§ Exercise data
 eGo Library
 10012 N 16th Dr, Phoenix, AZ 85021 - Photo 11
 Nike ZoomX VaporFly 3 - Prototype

§ Required work
Write out the full listing exactly as given.

§ Task output
 eGo Library
 10012 N 16th Dr, Phoenix, AZ 85021 - Photo 11
 Nike ZoomX VaporFly 3 - Prototype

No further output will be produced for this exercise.